• [Records for this task]:
============================================================

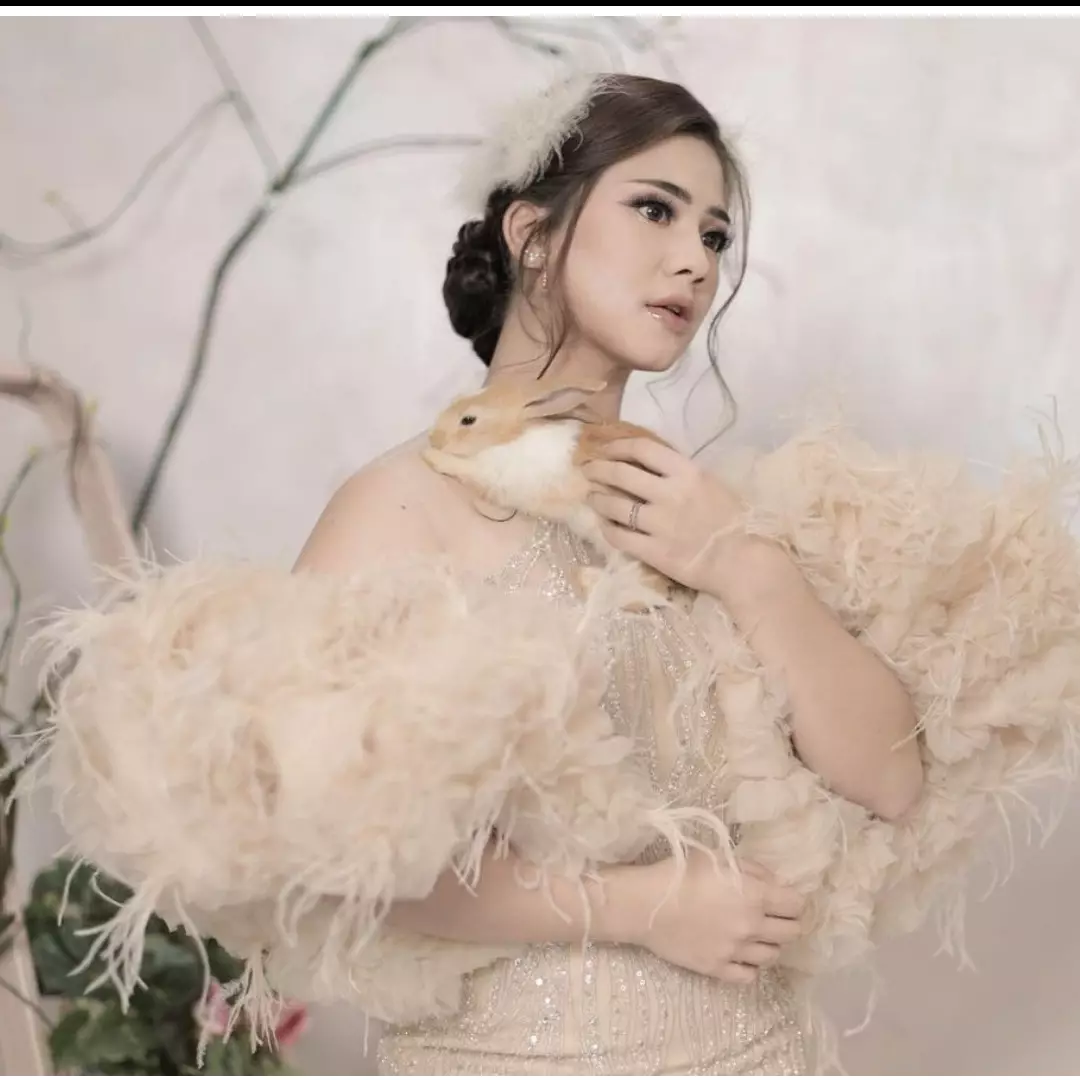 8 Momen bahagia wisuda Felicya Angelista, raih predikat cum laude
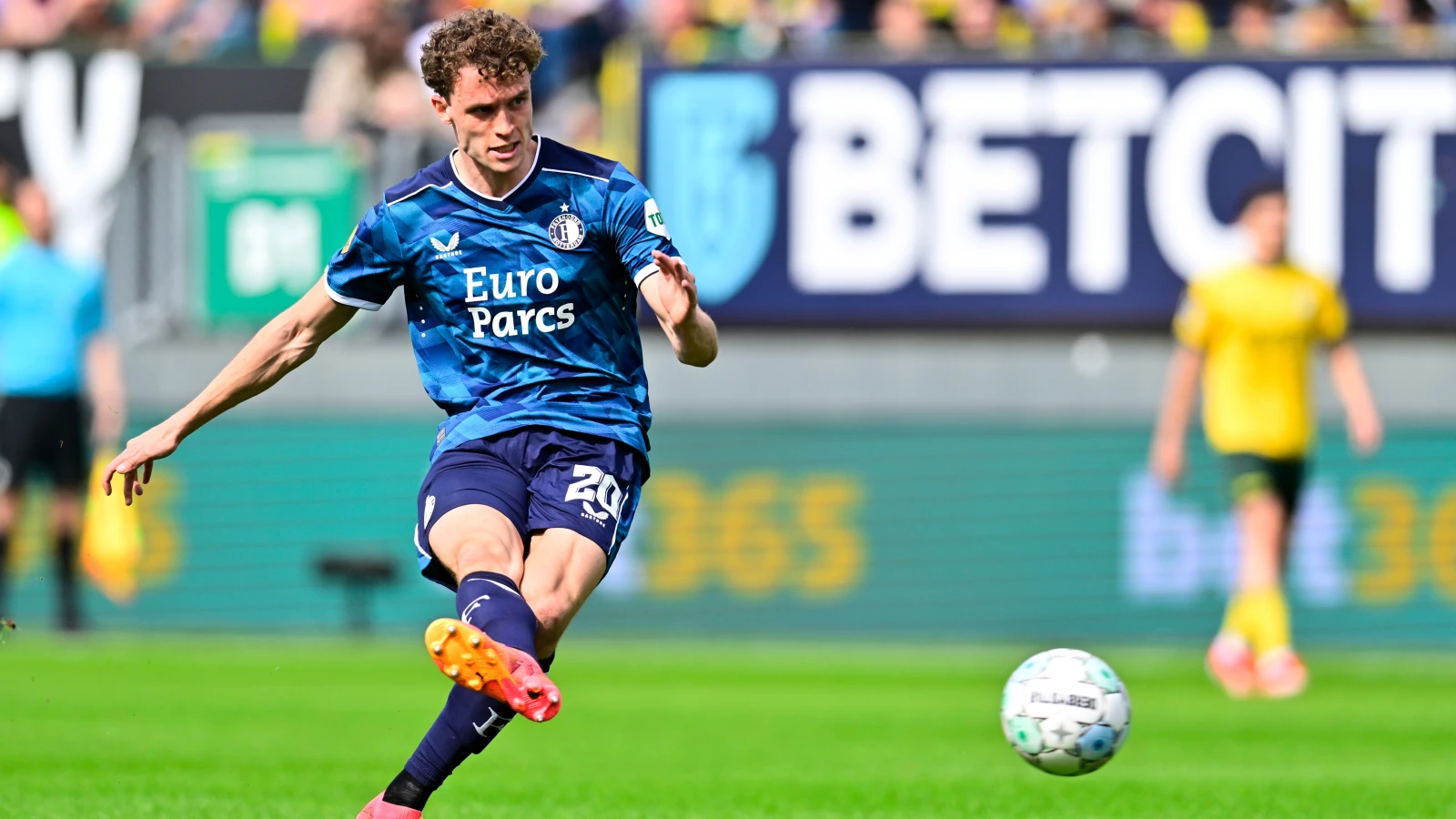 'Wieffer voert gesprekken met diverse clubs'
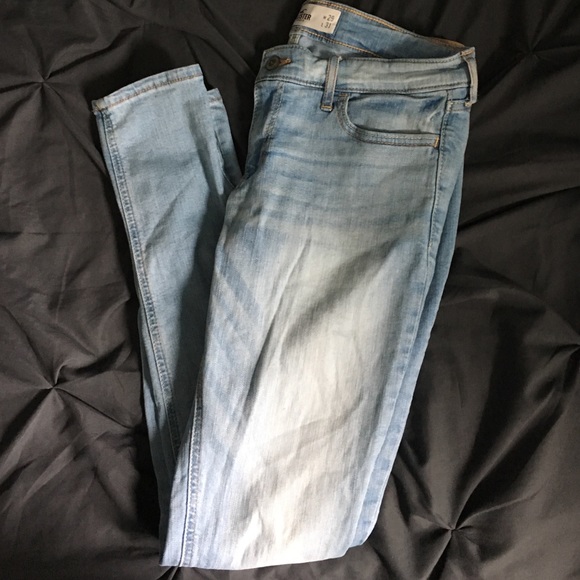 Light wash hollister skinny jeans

============================================================

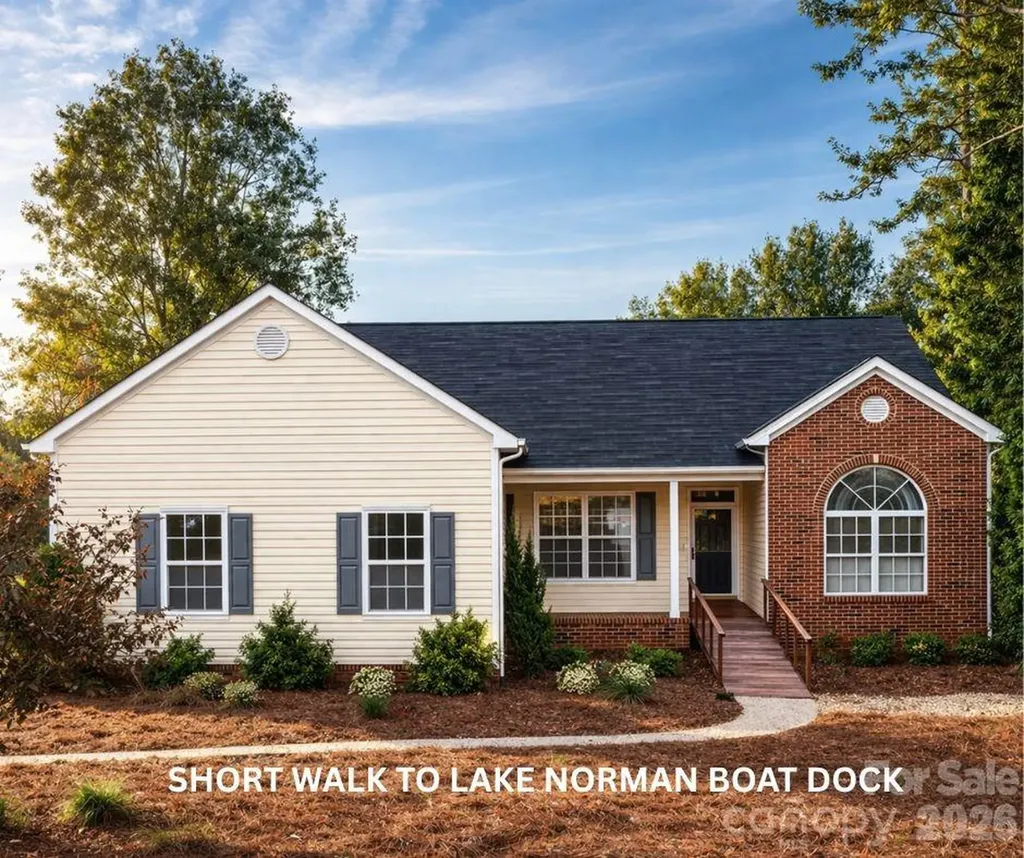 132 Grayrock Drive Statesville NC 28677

============================================================

• [Exercise prompt]: All that is wanted is the lines above between the one containing "8 Momen bahagia" and the one containing "Light wash hollister skinny jeans", inclusive, restated word for word, with pictures omitted.

• [Task solution]:
 8 Momen bahagia wisuda Felicya Angelista, raih predikat cum laude
 'Wieffer voert gesprekken met diverse clubs'
 Light wash hollister skinny jeans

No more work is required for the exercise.